EXERCISE REQUIREMENTS: With pictures removed, print the listing exactly.

AVAILABLE RECORDS:
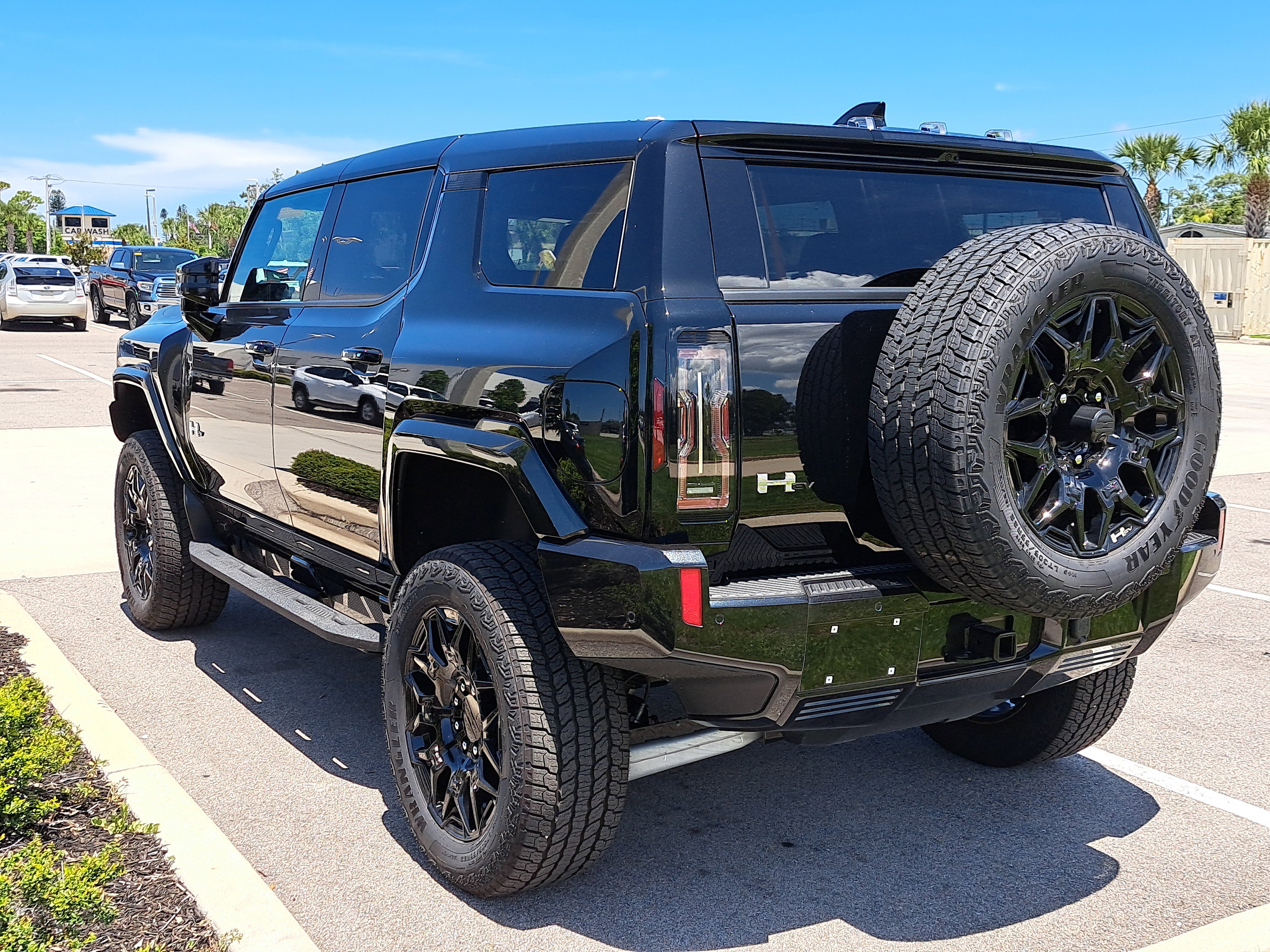 Used 2025 GMC HUMMER EV 2X with VIN 1GKT0NDE2SU110743 for sale in Bradenton, FL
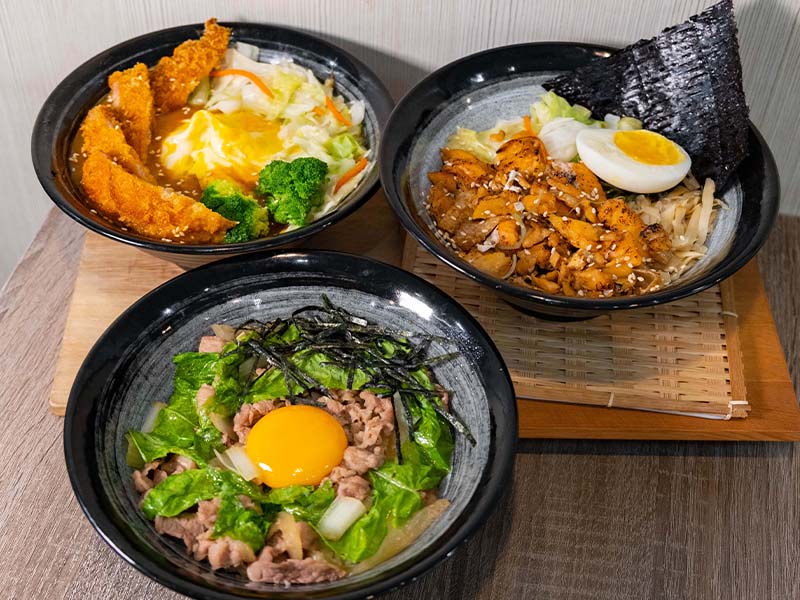 嘉義平價丼飯推薦|飲料、湯品免費續 現炸豬排會卡滋卡滋！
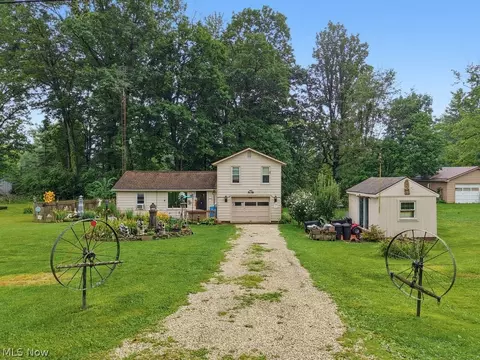 2072 Hilltop Dr, Carrollton, OH 44615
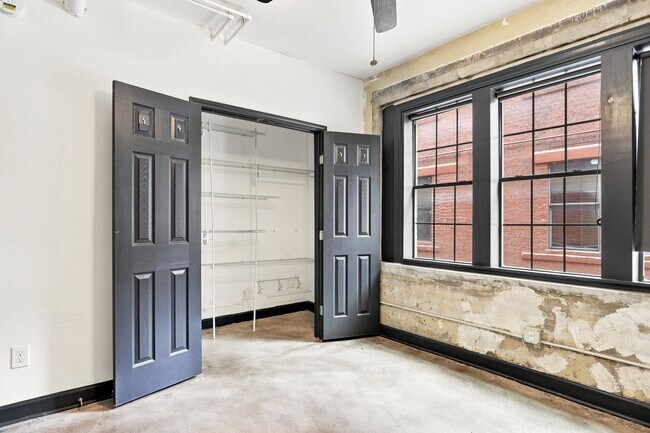 Building Photo - 6825 Avenue C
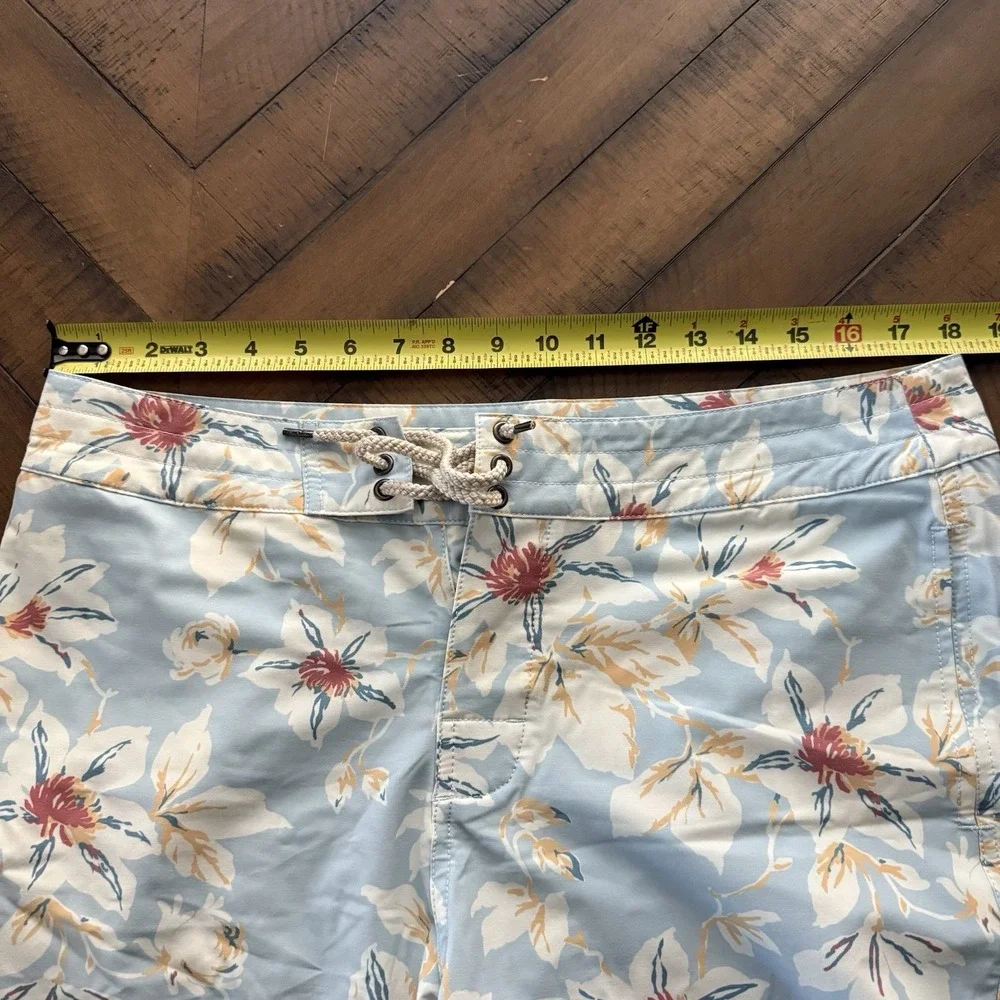 Faherty Mens Swim Trunks Size 34 Floral Hawaiian Swim Surf Pockets Board Shorts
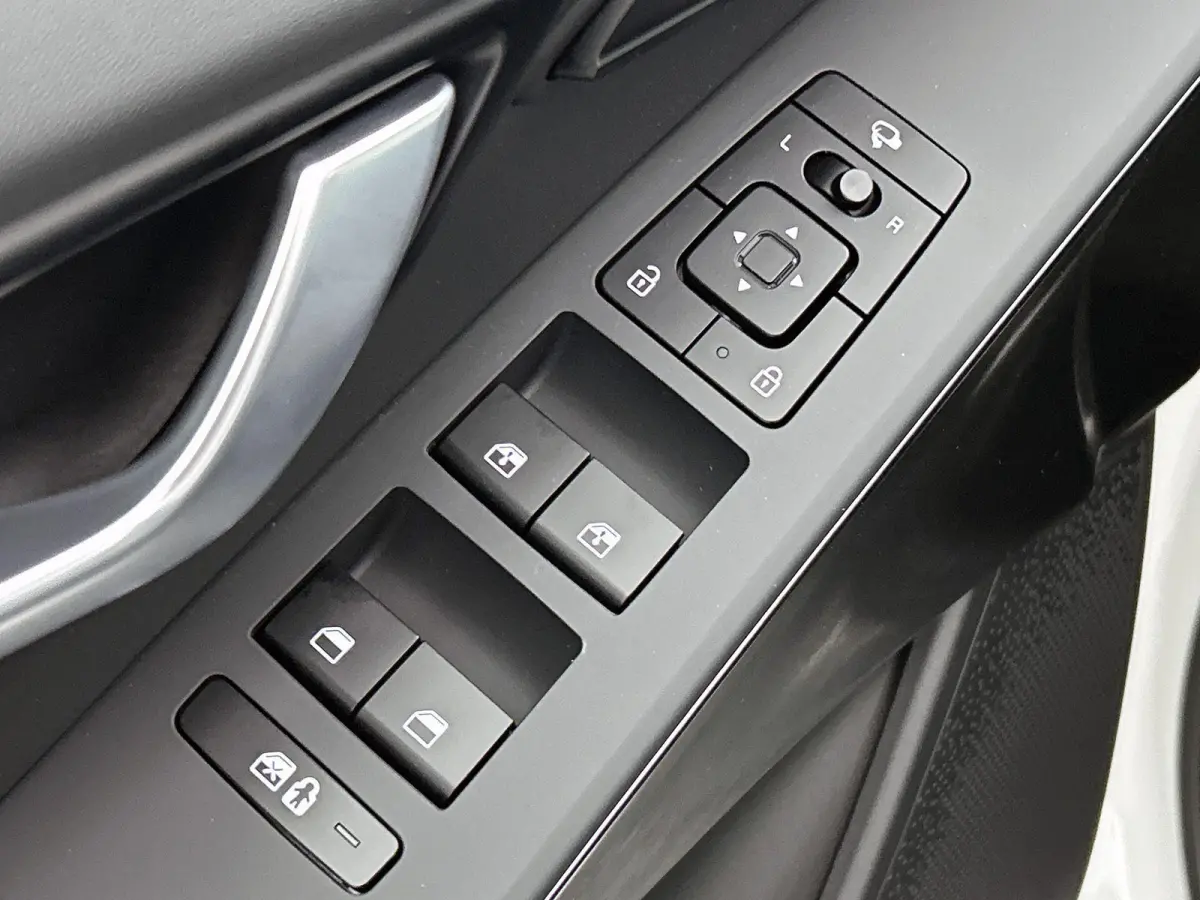 1.6 136pk Hybrid ExecutiveLine Automaat | Trekhaak | Schuif-/Kanteldak | Elektrisch Verstelb. Bestuurdersstoel | Adaptieve Cruise Control | Camera | Head-Up Display | 18"LMV | Keyless Entry/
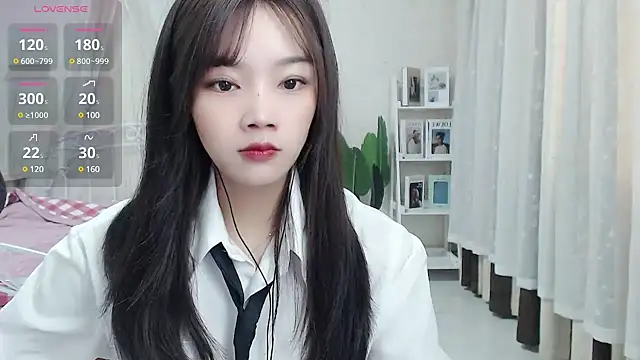 Snapshot of Jenny-Z chatting on March 4, 2025, 2:06 am Jenny-Z online show from March 4, 2025, 2:06 am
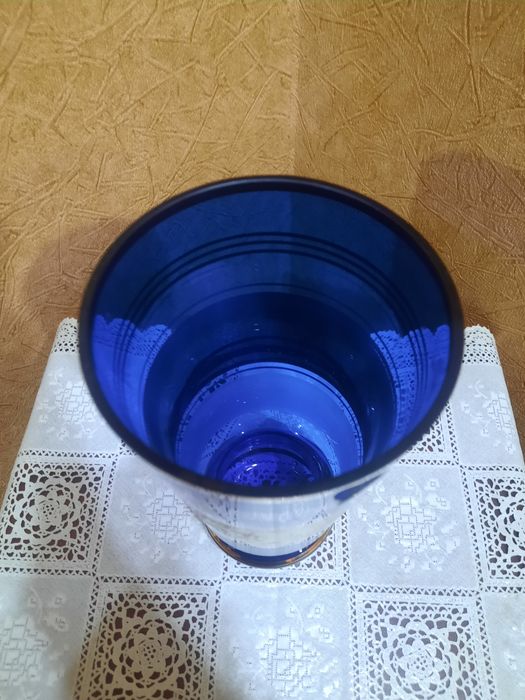 Роскошная кобальтовая ваза, Богемия, Чехословакия. Богатое золочение 2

FINISHED TASK:
 Used 2025 GMC HUMMER EV 2X with VIN 1GKT0NDE2SU110743 for sale in Bradenton, FL
 嘉義平價丼飯推薦|飲料、湯品免費續 現炸豬排會卡滋卡滋！
 2072 Hilltop Dr, Carrollton, OH 44615
 Building Photo - 6825 Avenue C
 Faherty Mens Swim Trunks Size 34 Floral Hawaiian Swim Surf Pockets Board Shorts
 1.6 136pk Hybrid ExecutiveLine Automaat | Trekhaak | Schuif-/Kanteldak | Elektrisch Verstelb. Bestuurdersstoel | Adaptieve Cruise Control | Camera | Head-Up Display | 18"LMV | Keyless Entry/
 Snapshot of Jenny-Z chatting on March 4, 2025, 2:06 am Jenny-Z online show from March 4, 2025, 2:06 am
 Роскошная кобальтовая ваза, Богемия, Чехословакия. Богатое золочение 2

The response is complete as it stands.